A tale of two major slides: understanding the Regent and Kotrupi / Kotropi landslides

Posted by Dave Petley

A tale of two slides: understanding the Regent and Kotropi landslides

Details are starting to emerge of the devastating Regent and Kotropi (also known as Kotrupi) landslides, in Sierra Leone and India respectively.  With respect to the Regent landslide, which killed close to 400 people (and maybe many more), I noted earlier that there was considerable confusion about the relationship between reported flooding and this, and possibly other, landslides.  Through an activation of the International Charter on Space and Major Disasters, UNITAR have generated an initial satellite map of the main portion of this event:-

Kotropi landslide

UNITAR map showing the impact of the Regent landslide in Sierra Leone


The map confirms my speculation after the event that this is a high mobility, long runout landslide.  Whilst most of the debris remained close to the source (devastating a large number of houses – those are the red dots on the image), a portion transitioned into a very high mobility flow that travelled down the channel, inundating a large number of houses.  This explains the description of the Regent landslide as both a mass movement and a flood – it was indeed both, but the initial landslide was the common cause.

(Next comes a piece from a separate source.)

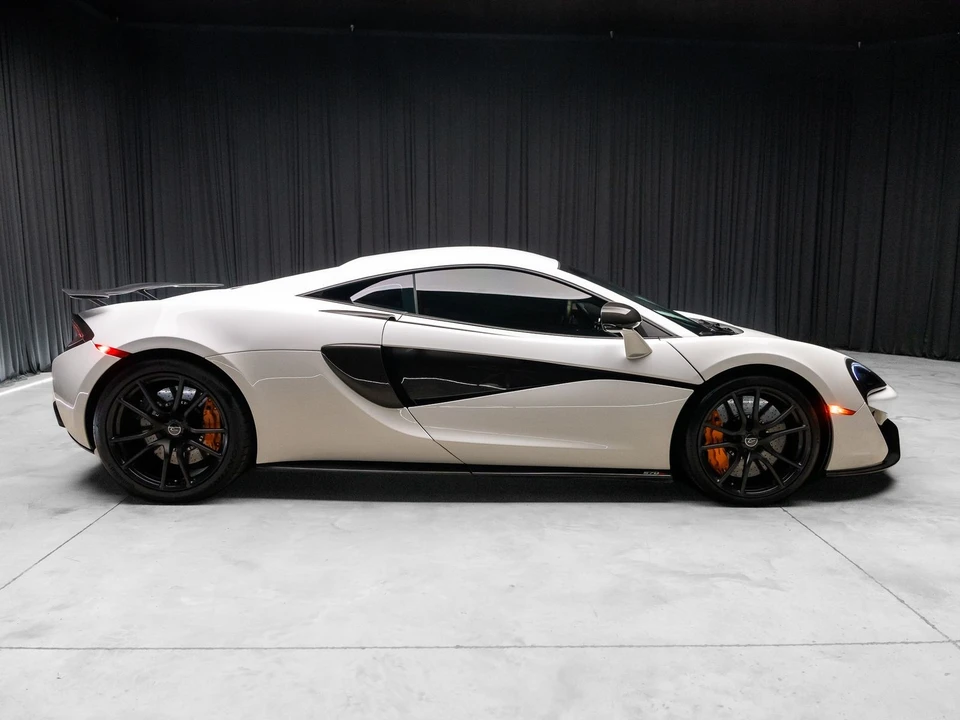 2016 McLaren - Image 19 of 31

Meanwhile, the NRSC/ISRO in India has posted an initial but detailed report about the Kotrupi / Kotropi landslide.   This confirms the location that I identified in my post earlier this week, and it indicates that the slope that I identified as being the likely culprit did indeed fail. They include this satellite image of the site:-

Kotropi landslide

NRSC / ISRO satellite image of the Kotropi landslide.


In comparison with the Regent landslide, the Kotropi event was also large but does not appear to have had high mobility, with the flow appearing to cease on a steep portion of the slope.  Once again one cannot escape the vital role that material properties play in determining landslide behaviour.  This image does raise a key question about the landslide though.  News reports in the last day or so have raised concerns that it is a valley blocking slide.  This article for example states that:

The Mandi administration today evacuated five villages near Kotrupi as after a massive landslide on August 13 a lake has been formed in the upper side of villages. The Kotrupi landslide killed 46 people...Ex-pradhan of Gram Panchayat Urla Tek Singh said five villages — Saraj Bagla, Badvaan, Ropa, Sharsti and Jagehad — had been vacated in view of the safety concerns.

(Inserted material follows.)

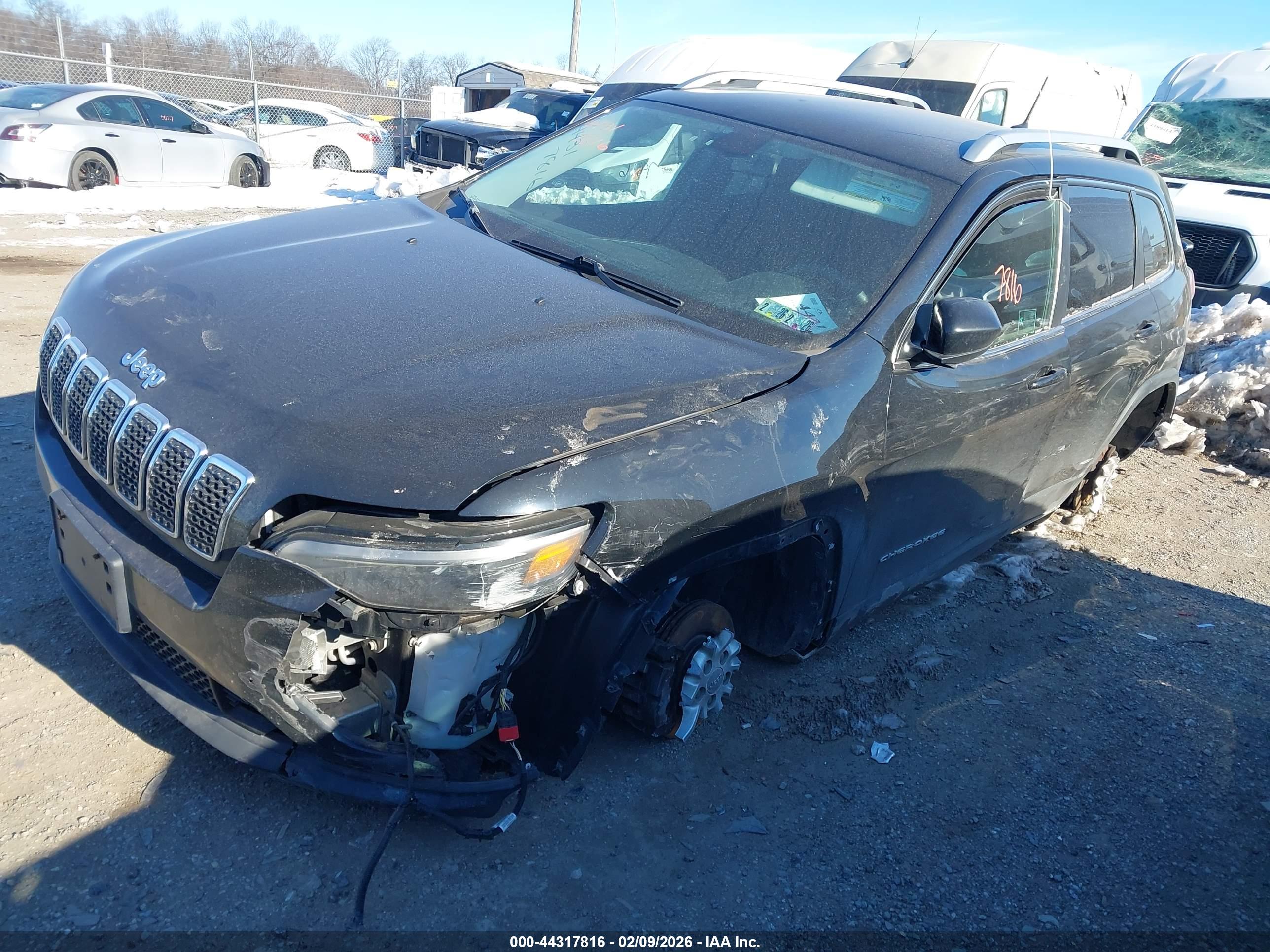 JEEP CHEROKEE image 2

But the image above does not suggest a valley blocking landslide.  I am unsure as to what is going on here.  This is the Planetlabs image from 14th August:-

Kotropi landslide

Planet Team (2017) image of the Kotropi landslide, taken on 14th August 2017


This shows much the same as the Indian image above, though with a better level of detail. It is clearly not valley blocking.  This is a further Planetlabs image taken on 16th August:-

Kotropi landslide

Planet Team (2017) image of the Kotropi landslide, collected on 16th August 2017


On first inspection there is little change.  But, is there an indication that debris has mobilised at the toe of the slide (unfortunately under the cloud) and travelled down the gully.  This image appears to show fresh sediment in the lower channel that is not apparently there in the earlier image?  This might be an artefact in the image, or it could be a real effect.  If the latter then this might explain the concerns about blocked channels.

I would welcome thoughts from others.